-- Brief --
Each entry below should be output exactly, apart from its images.

-- Information supplied --

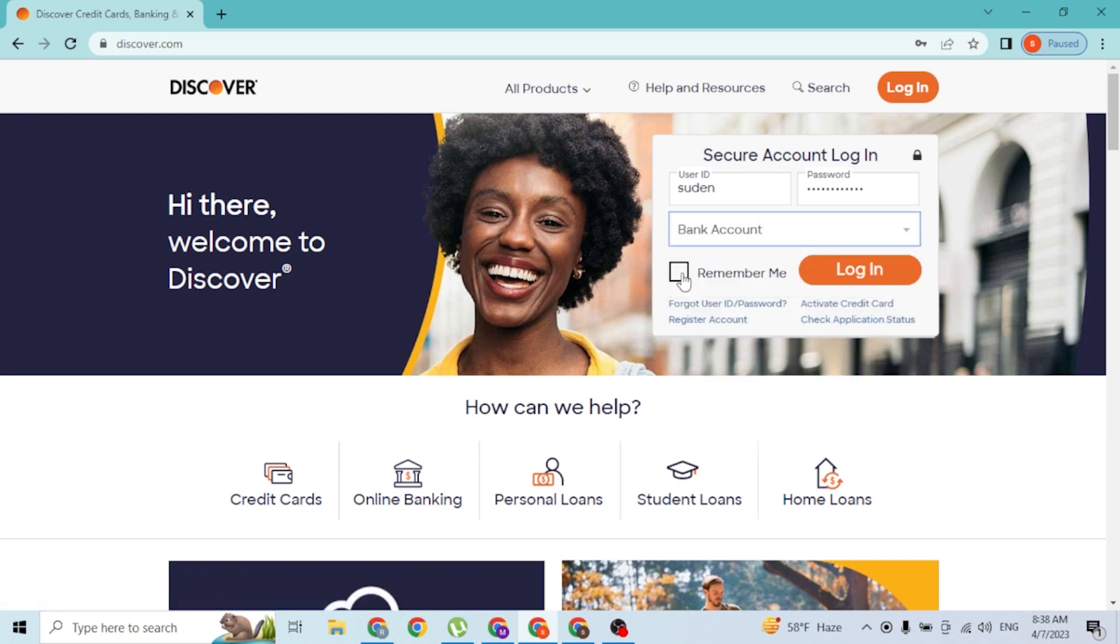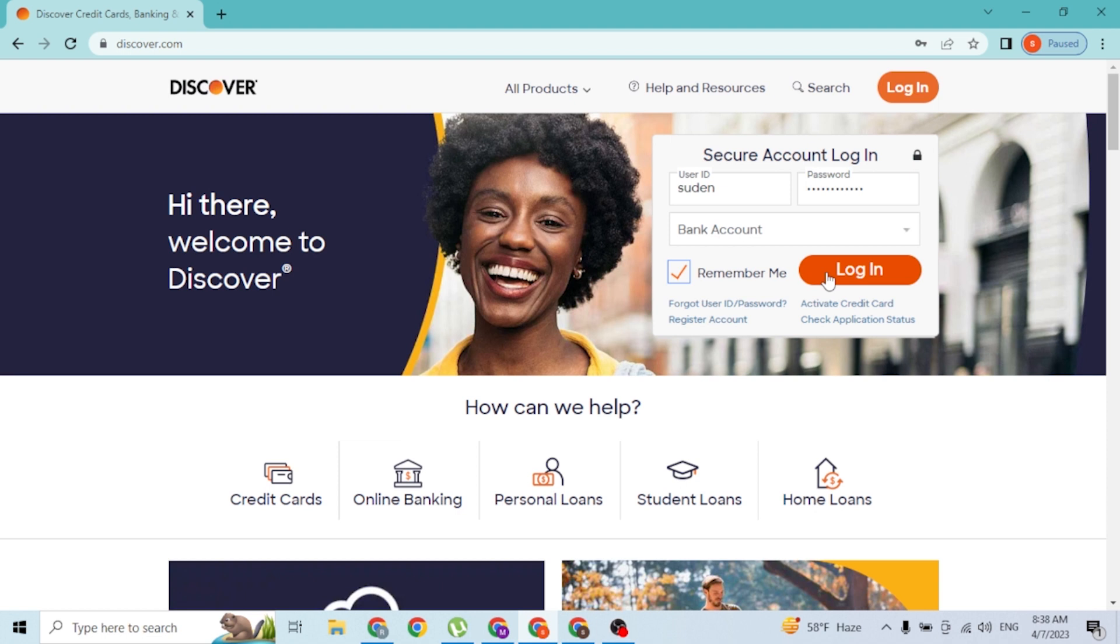If you want the computer to remember your credentials, simply click on the remember me button. After doing all these processes guys, simply click on the login button and then you'll be signed into your Discover Bank account online on your computer.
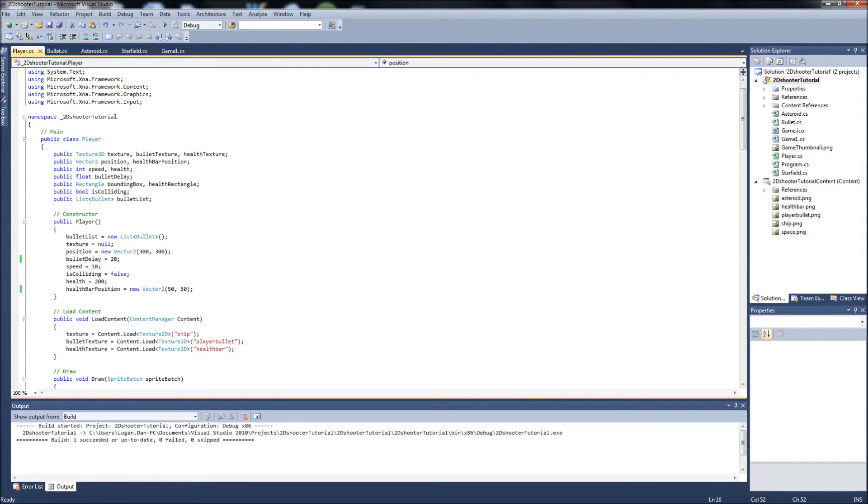Hello YouTube, Gamer Dad here. We are on video 16 in our 2D Space Shooter tutorial series in XNA.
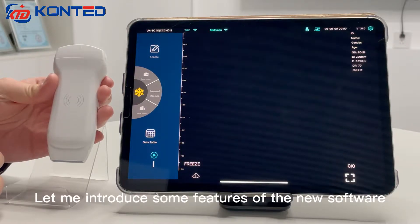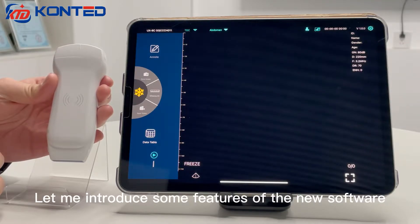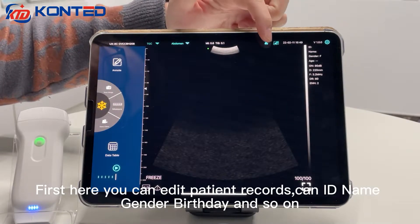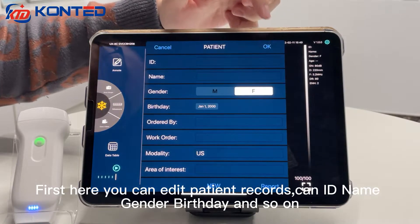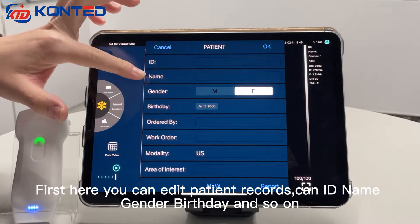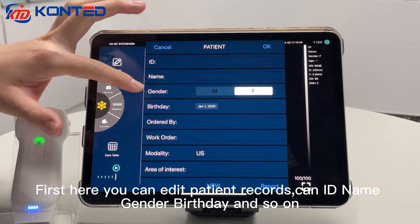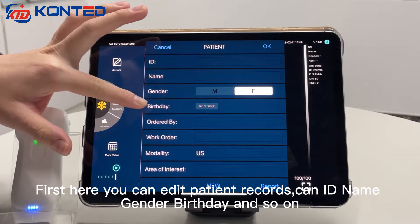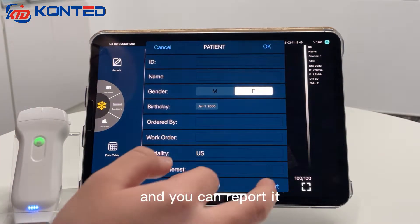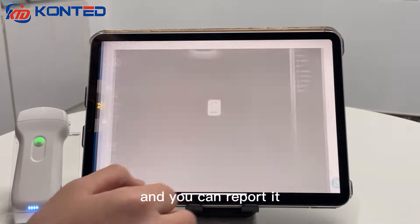Let me introduce some features of the new software. First, here you can add patient records. You can add name, gender, birthday, and so on, and you can generate a report from it.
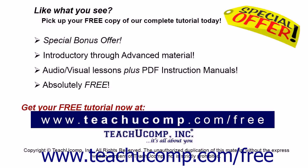Like what you see? Pick up your free copy of the complete tutorial at www.teachucomp.com forward slash free.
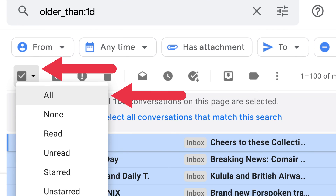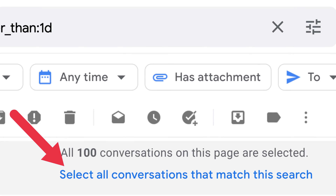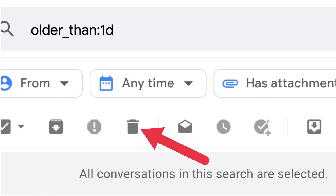Once you've used either of those search queries, you'll see all emails received before the specified date. To delete them, select the arrow next to the checkbox at the top left corner. From the drop-down menu, select the 'All' option. You'll also see a notification that reads 'Select all conversations that match the search' at the top. Select it, and then select the trash icon from the top to move emails to your digital trash can.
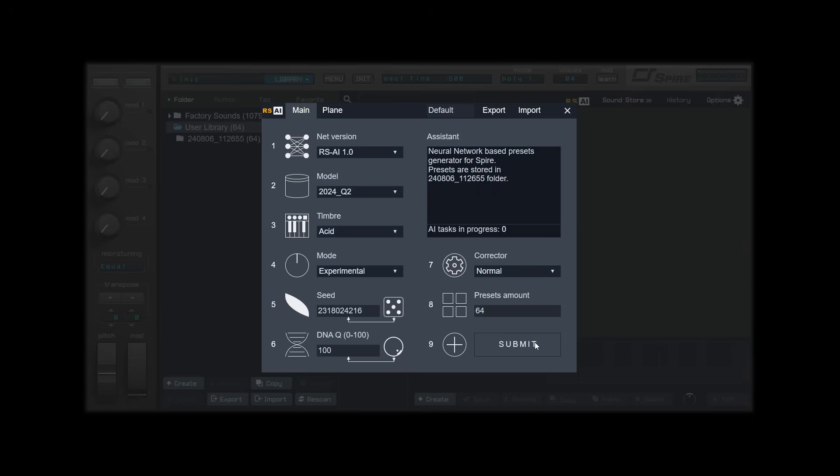Presets will be saved inside a new folder named after a number sequence according to date and time. You can either generate more presets or close the panel to check out the results.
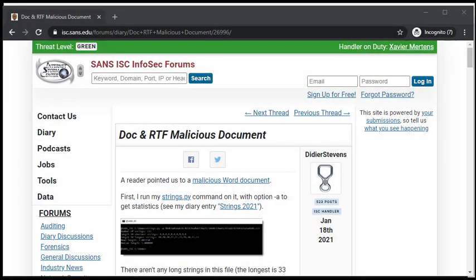Hello, Didier Stevens here, Senior Handler at the Internet Storm Center. In my diary entry, Doc and RTF malicious document, I do the analysis of Office document and RTF document with my tools. I'm going to show this now in this video.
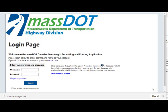Welcome to the OASIS user tutorial videos. This video will guide you through the steps for setting up an account to order permits using the OASIS system.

-- Written response --
If you want the computer to remember your credentials, simply click on the remember me button. After doing all these processes guys, simply click on the login button and then you'll be signed into your Discover Bank account online on your computer.
Hello YouTube, Gamer Dad here. We are on video 16 in our 2D Space Shooter tutorial series in XNA.
Let me introduce some features of the new software. First, here you can add patient records. You can add name, gender, birthday, and so on, and you can generate a report from it.
Like what you see? Pick up your free copy of the complete tutorial at www.teachucomp.com forward slash free.
Once you've used either of those search queries, you'll see all emails received before the specified date. To delete them, select the arrow next to the checkbox at the top left corner. From the drop-down menu, select the 'All' option. You'll also see a notification that reads 'Select all conversations that match the search' at the top. Select it, and then select the trash icon from the top to move emails to your digital trash can.
Presets will be saved inside a new folder named after a number sequence according to date and time. You can either generate more presets or close the panel to check out the results.
Hello, Didier Stevens here, Senior Handler at the Internet Storm Center. In my diary entry, Doc and RTF malicious document, I do the analysis of Office document and RTF document with my tools. I'm going to show this now in this video.
Welcome to the OASIS user tutorial videos. This video will guide you through the steps for setting up an account to order permits using the OASIS system.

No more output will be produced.